Goodrich Petroleum Gains on Tuscaloosa Well Output: Dallas Mover

Goodrich Petroleum Co., an independent oil and natural gas producer with properties in five states, rose the most in more than four years after a well in the Tuscaloosa Marine Shale began producing the equivalent of 1,250 barrels of crude a day.

Goodrich increased 18 percent to $12.56 at the close in New York, the most since Nov. 21, 2008.

Goodrich’s Crosby 12H-1 well in Wilkinson County, Mississippi, had initial production of 1,050 barrels of oil a day and 469,000 cubic feet of gas, according to a statement today. Encana Corp. and Contango Oil & Gas Co. each own a 25 percent working interest in the well.

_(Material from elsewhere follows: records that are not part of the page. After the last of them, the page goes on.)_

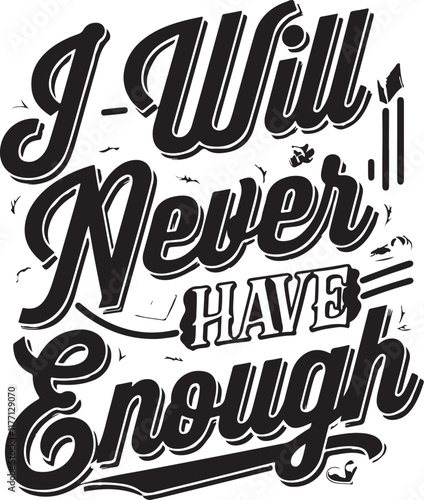 I will never have enough T-shirt design My talented team is my strength and I can never go wrong with them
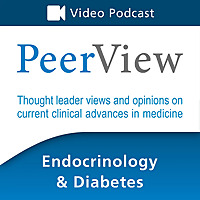 PeerView Endocrinology & Diabetes CME/CNE/CPE Video Podcast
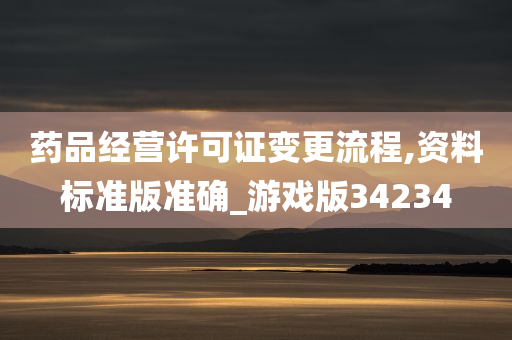 药品经营许可证变更流程,资料标准版准确_游戏版34234今晚必出三肖2025_2025新澳门精准免费提供·精确判断
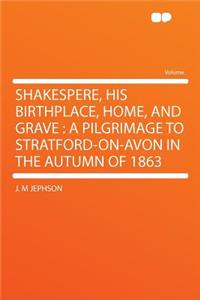 Shakespere, His Birthplace, Home, and Grave: A Pilgrimage to Stratford-On-Avon in the Autumn of 1863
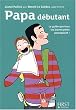 Papa d�butant : Le guide que tous les jeunes p�res attendaient !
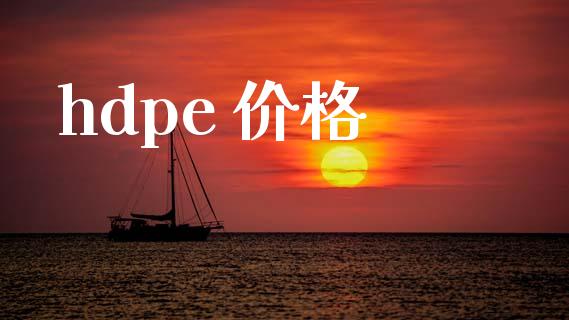 hdpe 价格 (https://huagong.lansai.wang/) 化工价格 第1张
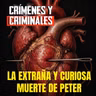 La extraña y curiosa muerte de Peter - Episodio exclusivo para mecenas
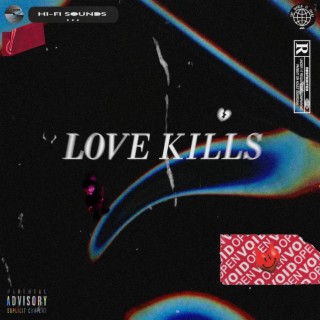 LOVE KILLS ft. 637godwin lyrics | Boomplay Music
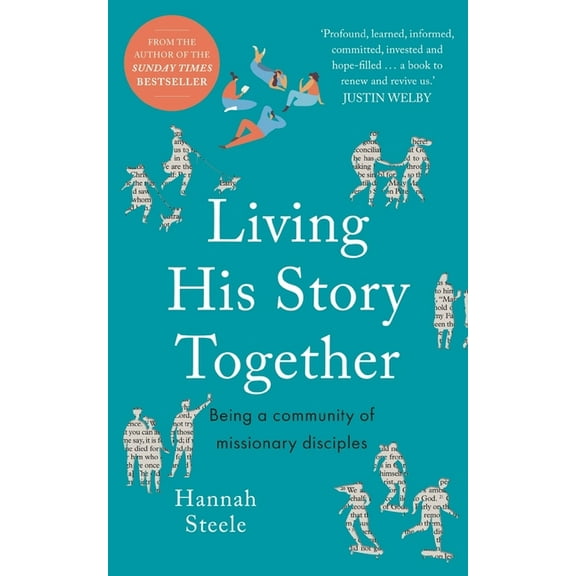 Living His Story Together: Being a Community of Missionary Disciples, (Paperback)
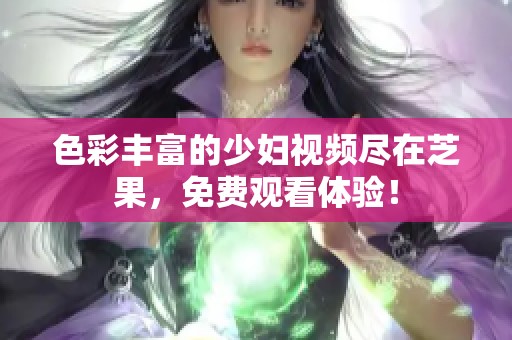 色彩丰富的少妇视频尽在芝果，免费观看体验！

“We think this is a solid well for Goodrich,” Michael Hall, an analyst for Robert W. Baird & Co., wrote in a note to clients. It’s the company’s second operated well in the Tuscaloosa, and its first successful well, he said in an e-mail.

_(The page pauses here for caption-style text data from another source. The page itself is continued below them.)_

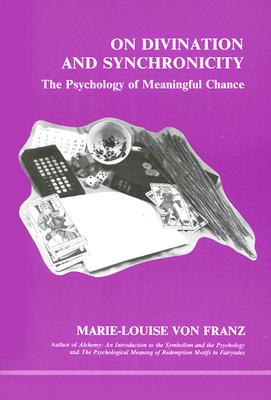 On Divination and Synchronicity: The Psychology of Meaningful Chance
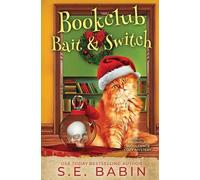 S E Babin Book Club Bait & Switch (Tascabile) Shelf Indulgence Cozy Mystery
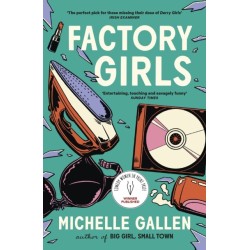 Factory Girls: A bold snapshot of working young women during the tumultuous Troubles
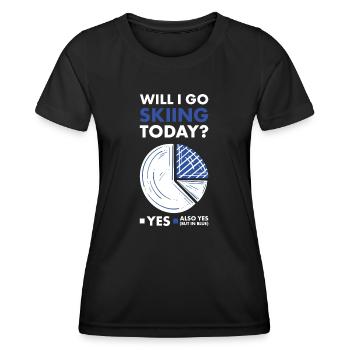 Sport Will I Go Skiing Today Skiing - Frauen Funktions-T-Shirt - Schwarz - Vorne - AI Model Female 172 light (172cm)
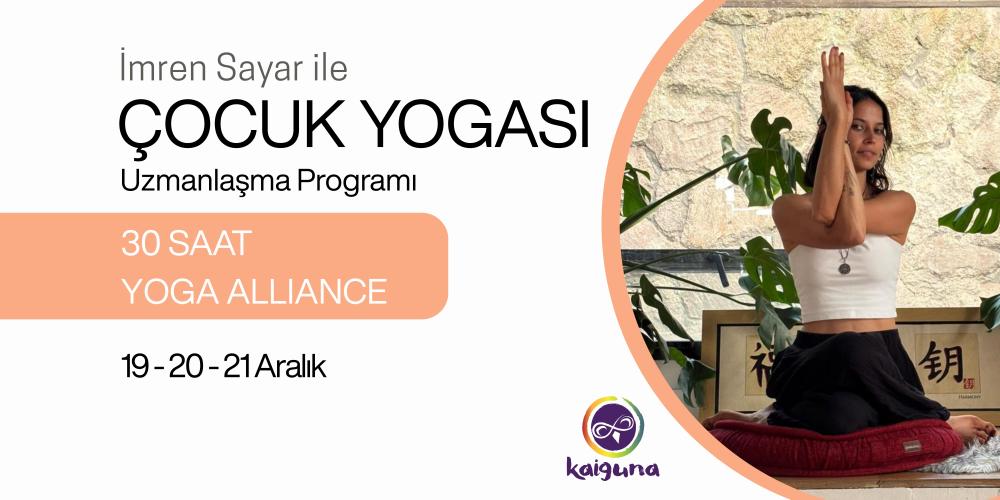 Çocuk Yogası Uzmanlaşma Programı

The Tuscaloosa, a dense rock formation similar in age to the Eagle Ford Shale in Texas, lies as much as 15,000 feet (4,570 meters) below parts of Louisiana and Mississippi, and may hold 7 billion barrels of oil, according to the Louisiana Department of Natural Resources. Like other shale formations, it requires a combination of horizontal drilling and hydraulic fracturing to release the trapped oil and gas.

Other companies exploring the Tuscaloosa formation include Devon Energy Inc. and EOG Resources Inc.